Der Achtsamkeitsschwindel

„Management-Mindfulness“ bewirkt allzu oft nur Kontraproduktives. Wirklich achtsam sind Unternehmen dann, wenn sie sich auf eine Reise des radikalen Wandels begeben.

Von Prof. Dr. André Reichel (11/2016)

Seit einigen Jahren treibt eine Vorstellung ihr Unwesen in der Unternehmenswelt. Es geht darum, durch Anwendung fernöstlicher Weisheitslehren und -techniken wie Buddhismus, Yoga und Meditation das Arbeiten besser, humaner und erfüllter werden zu lassen. Der populärste Begriff zurzeit ist die "Achtsamkeit" oder auf Englisch: "Mindfulness". An der Achtsamkeit und ihrer Anwendung lässt sich vielleicht am deutlichsten darstellen, auf welch schmalem und unedlem Pfad sich diese ganze Bewegung befindet.

Achtsamkeit im ursprünglichen buddhistischen Sinne (Sati) beschreibt die Fähigkeit, eine Sache im Bewusstsein zu halten, dabei sich aber nicht darauf zu verengen, sondern den gesamten Hintergrund und seine Vernetztheit in einer Art Weitwinkelperspektive gleichzeitig zu sehen. Es ist eine umfassende Art der Wahrnehmung, die auf einem Gleichklang von körperlicher, emotionaler, geistiger und weltlicher Achtsamkeit basiert. Die Achtsamkeitsmeditation (Vipassana) ermöglicht ein tiefes und breites Verständnis der Welt und dient, wie die meisten Techniken im Buddhismus, der Verminderung des Leidens – des eigenen Leidens durch Erkenntnis, der Leiden anderer durch Vermittlung von Erkenntnis.

Im Management wird Achtsamkeit in einer seltsamen Verdrehung als Methode zur Produktivitäts- und Effizienzsteigerung bei hoher Arbeitsbelastung angewendet, die den praktizierenden Mitarbeitern kleine Fluchten im Arbeitsalltag ermöglicht, sich auf sich selbst zu besinnen, das "große Ganze" zu sehen und neue Kraft, Motivation und Sinnhaftigkeit ("sensemaking") zu finden.

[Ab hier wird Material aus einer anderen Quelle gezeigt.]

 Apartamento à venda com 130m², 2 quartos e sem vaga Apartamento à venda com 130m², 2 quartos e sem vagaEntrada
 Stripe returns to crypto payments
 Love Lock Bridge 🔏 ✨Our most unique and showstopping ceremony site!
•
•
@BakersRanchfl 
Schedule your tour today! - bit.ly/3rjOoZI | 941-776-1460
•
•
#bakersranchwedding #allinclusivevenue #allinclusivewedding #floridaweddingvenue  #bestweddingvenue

Diese Appropriation einer Weisheitslehre in einem westlich-kapitalistisch-technologischen Sinne, als Mittel zum Zweck der besseren Unternehmenszielverfolgung, kann nur schief gehen.

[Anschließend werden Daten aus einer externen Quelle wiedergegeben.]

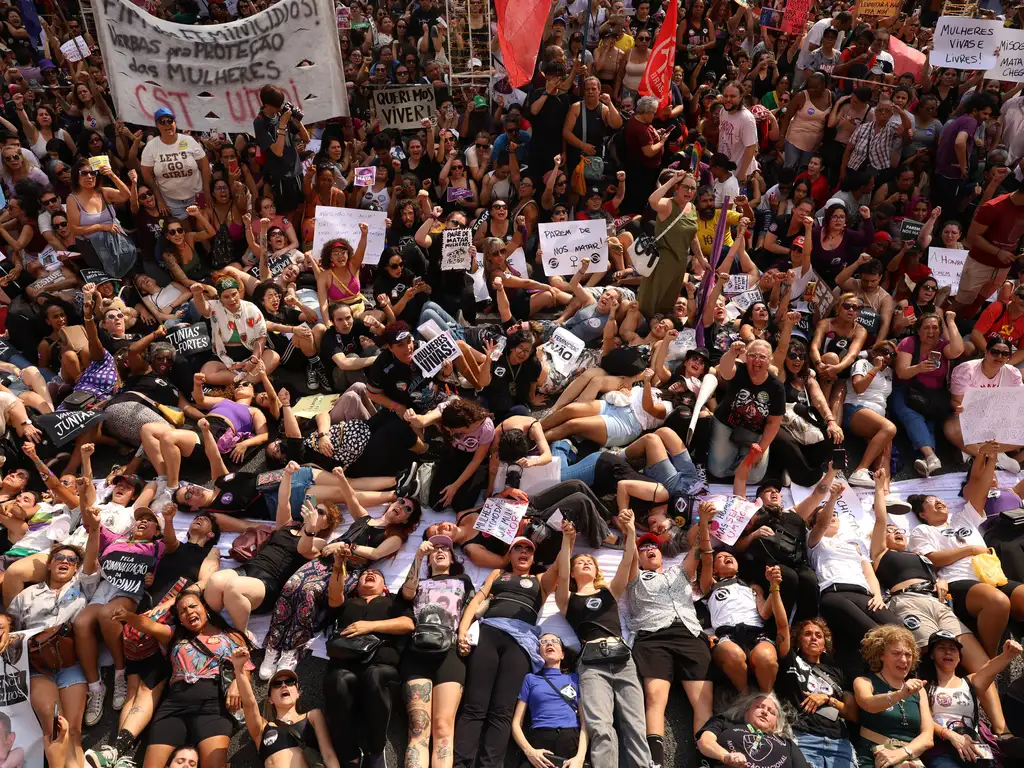 Ato nacional pelo fim da violência contra as mulheres, com o tema Basta de feminicídio. Queremos as mulheres vivas!, na Avenida Paulista. Foto: Rovena Rosa/Agência Brasil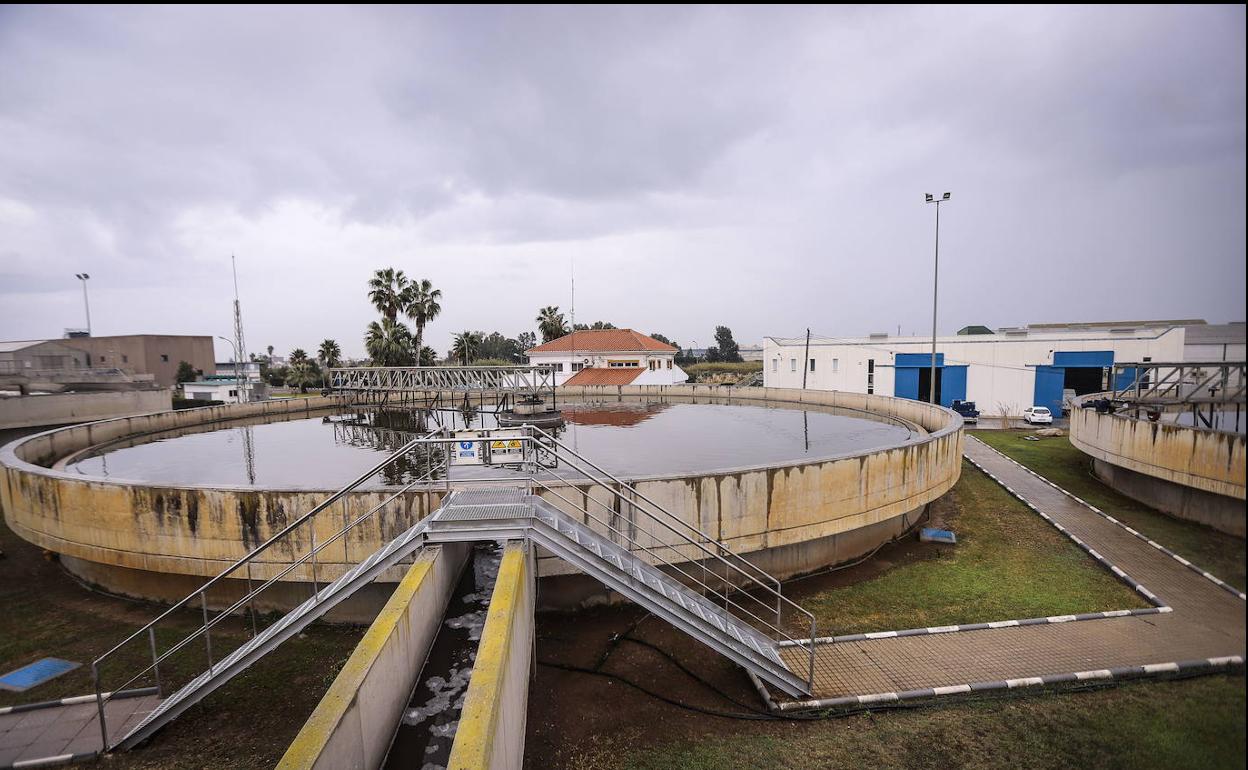 Estación depuradora de aguas residuales.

Paradoxerweise, aber alles andere als unerwartet, nimmt nämlich die gefühlte Belastung und der Burnout in "achtsamen" Unternehmen nicht ab, sondern eher zu. Ein überspitztes Beispiel: der achtsame Mafiosi, der einen weiten Blick einnimmt und dann seinem Konkurrenten einen blutigen Pferdekopf ins Bett legt – das ist der ganze Achtsamkeitsschwindel, der sich gerade in Unternehmen abspielt, wenn auch ohne größere Tieropfer.

Was ist die Alternative? Das Ganze sehen, um Leiden zu mindern, ist ein Zweck an sich – so wie Mitarbeiter im Kantschen Sinne Zwecke an sich sind. Wenn ein Unternehmen Achtsamkeit ernst nehmen will, dann kann es das nicht einfach als eine der vielen manipulativen Bewusstseinstechnologien – "Happiness" ist so eine andere – verwenden, um vermeintlich entspannte, glückliche und erfüllte Mitarbeiter zu "schaffen". Achtsamkeit ernst nehmen heißt: sich als Organisation auf die Wahrnehmung und Verminderung von Leiden einzustellen. Auf die Leiden der eigenen Mitarbeiter, die Leiden der Kunden, der Partnerunternehmen, die Leiden der Gesellschaft, die auch durch das eigene Unternehmen mitverursacht werden.

Achtsamkeit bedeutet, als Unternehmen einen aktiven Beitrag zur Leidensminderung zu leisten und das schließt die radikale Veränderung der eigenen Aktivitäten, Produkte und Unternehmenszwecke mit ein, ja erzwingt diese Veränderungen sogar. Achtsamkeit ergibt nur dann einen Sinn und kann nur dann Sinn stiften, wenn es einen Change Prozess begleitet und gestaltet. Wenn sich ein Unternehmen auf eine Reise des radikalen Wandels begeben und seine eigenen Zwecke denen von Mitarbeitern und Gesellschaft unterwerfen will, dann ist Achtsamkeit das Gebot der Stunde. Für alles andere gilt: Never mind the Buddhists!